In the test kit, monoclonal or polyclonal antibodies specific to the target protein or antigen are used as capturer, which are pre-coated on the polystyrene microwell strips. The sample from the patient, such like urine, serum or plasma sample is added to the microwells. And a second antibody conjugated with horseradish peroxidase (HRP) is used as the detector, which then is added to the microwells. Usually, the samples and the second antibody conjugate are added to the microwell in the same time, thus it is a one-step assay process.

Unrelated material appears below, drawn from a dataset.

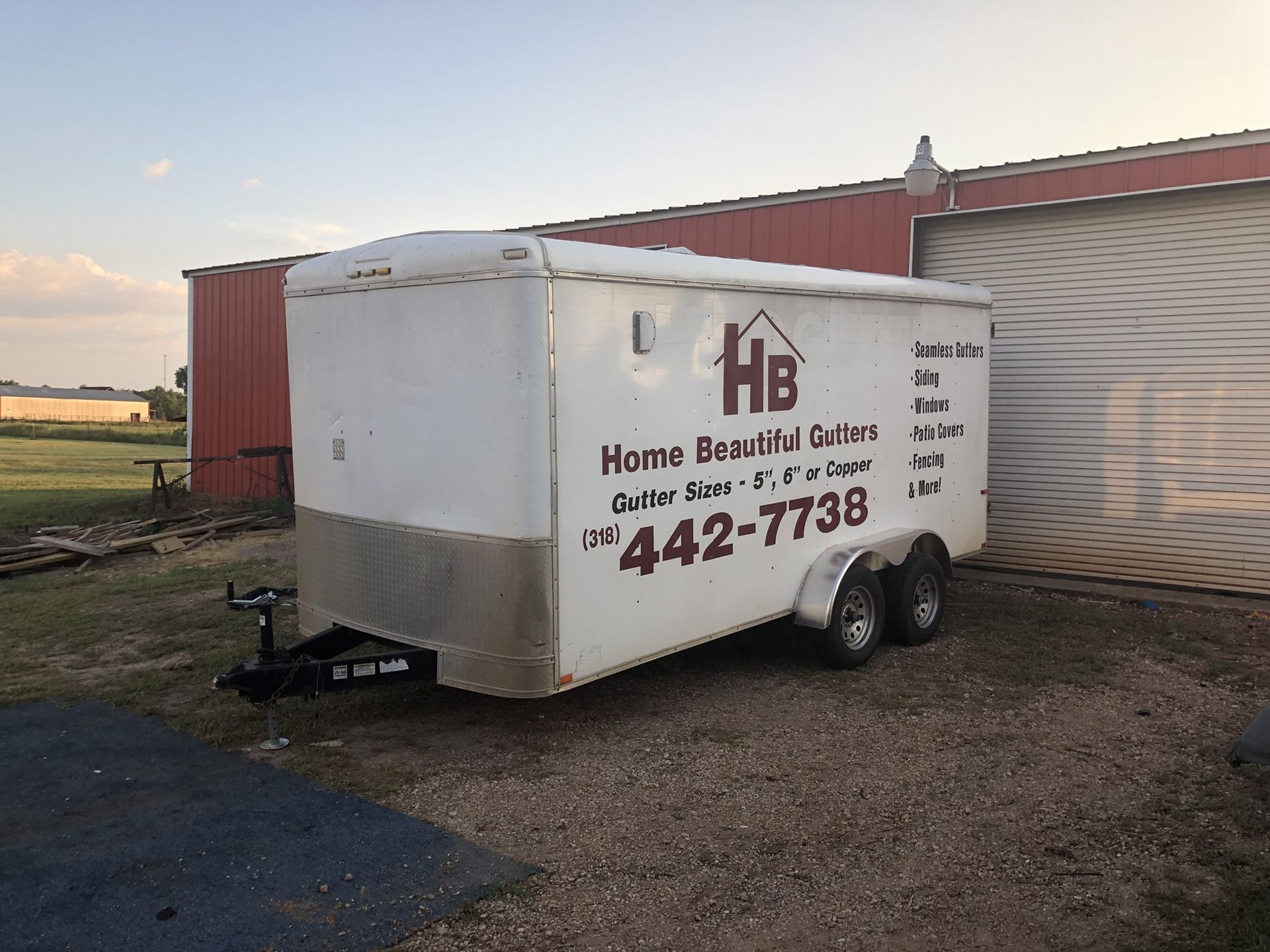 Used enclosed cargo trailer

During incubation, the specific immuno-complex formed in case of presence of the target antigen or protein in the sample, and is captured on the solid phase.

After washing to remove sample serum proteins and unbound HRP-conjugate, Chromogen solutions containing tetramethyl benzidine (TMB) and urea peroxide are added to the wells. In presence of the antibody-antigen-antibody (HRP) "sandwich" immuno complex, the colorless Chromogens are hydrolyzed by the bounded HRP-conjugate to a blue colored product. The blue color turns yellow after stopping the reaction with sulfuric acid, indicating a positive result. The amount of color can be measured and is proportional to the amount of antigen or protein in the sample.

Wells containing samples negative for the target antigen or protein remain colorless.